Everything’s Fine

On account of Zombie Snowpocalypse 2011 ™ and the surprising number of employees working from home or just taking the day off because it’s, uh, snowing in Colorado, I’ll be working from work today.

Roads are completely clear and empty.

Zombie Snowpocalypse 2011 ™: Hey, that’s just how the media has been portraying this, the first storm of the season, so that’s what I’m going to call it. They got everyone worked into a frenzy so they’re now terrified to go outside. There were even runs on grocery stores yesterday while the citizenry panicked and bought up all of the perishable items. Alas, for the well-prepared and aware, even if it turns out to be 16″ of snow for the metro area like some talking head predicted, it’s just business as usual.

Overheard in An Office

No, not in my office, but overheard this little exchange at another company altogether, between two employees there: a woman and a man:

Him: Oh my god, is it ever okay to wear a mini-skirt and Fuck Me Boots* to the office? 
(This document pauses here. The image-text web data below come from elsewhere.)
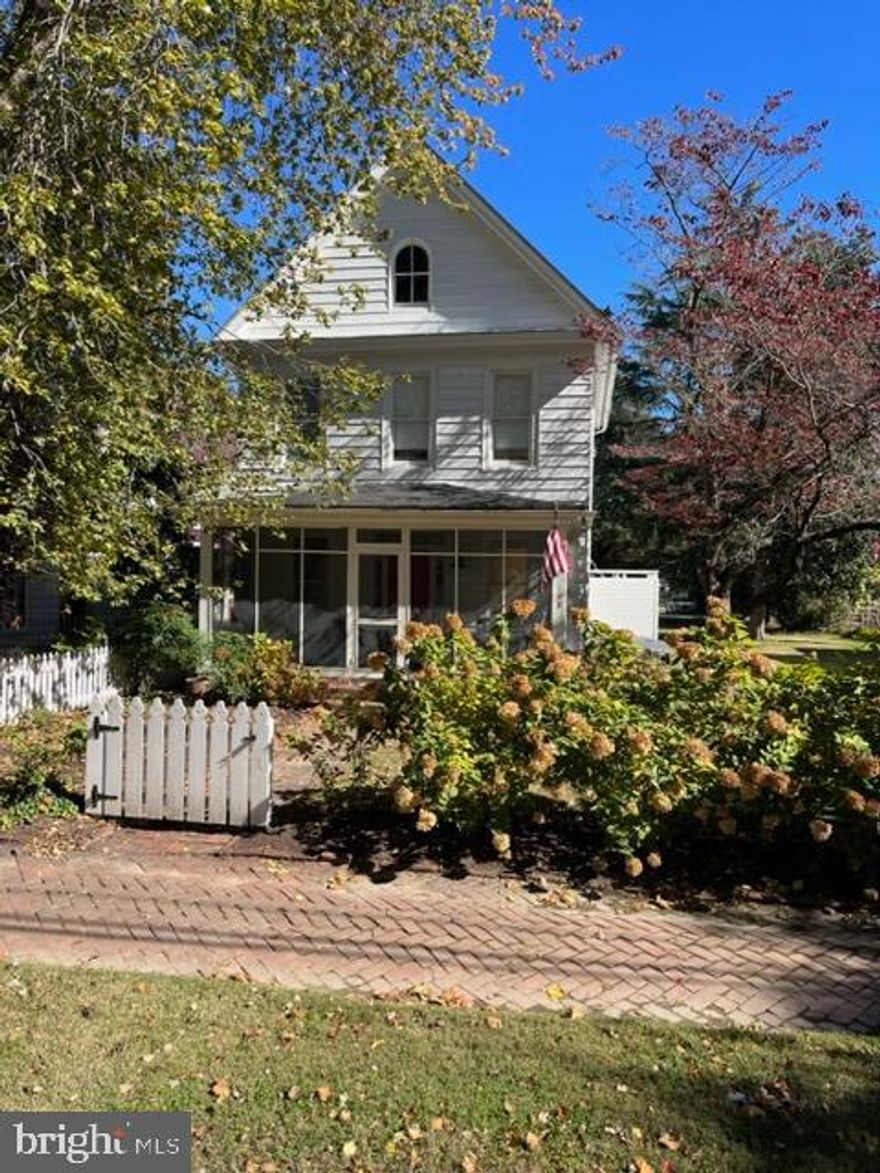 In the heart of Oxford's Historic District, this 2 bedroom, 2.5 bath home is a perfect weekend get-a-way or full-time residence.  Front and back stairways, large screened porch and water views across the park of the Tred Avon and Choptank Rivers.  Large lot.  Heat pump/Central air.
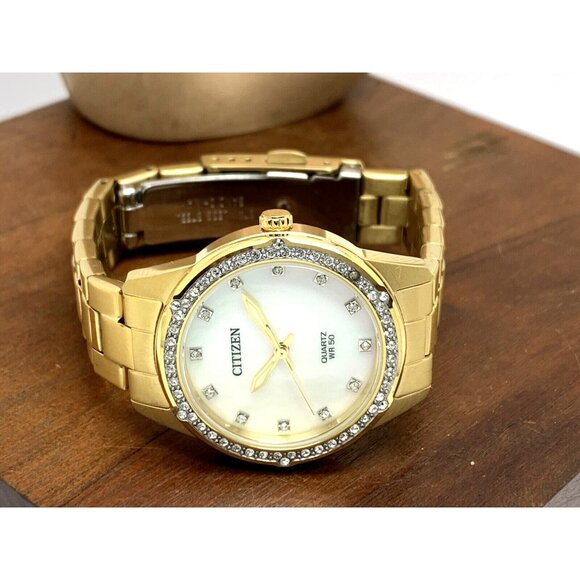 Citizen Women's Watch ER0222-56D Mother of Pearl White Dial Gold Quartz 30mm - Picture 8 of 13
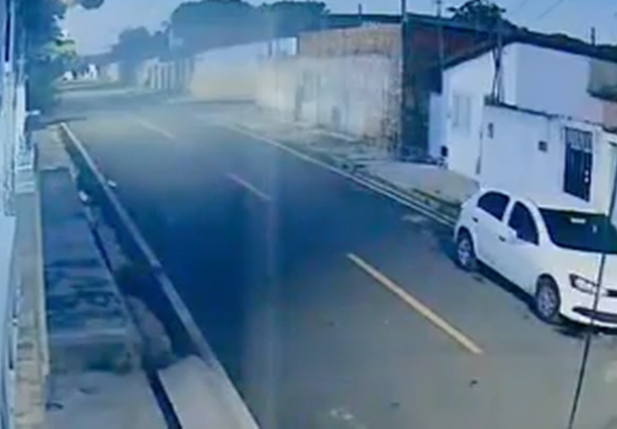 Homem incendeia carro na zona sul de Teresina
Her: If you’re the slutty secretary at an escort service, maybe. Otherwise, uh… no. And women wonder why they get treated differently in the working world. Jeez. 

Him: Hum, maybe that’s what they’re doing on that team: Sure, we can work a miracle for you. You want happy ending, too? 

Her: Well, they say you should always wear good boots when climbing. I guess that means climbing to the top of the corporate ladder, too.

I about shot coffee out of my nose.

* Pretty sure I knew who he was talking about and what he was describing: those leather, knee-high, heel things. Is there an actual name for those?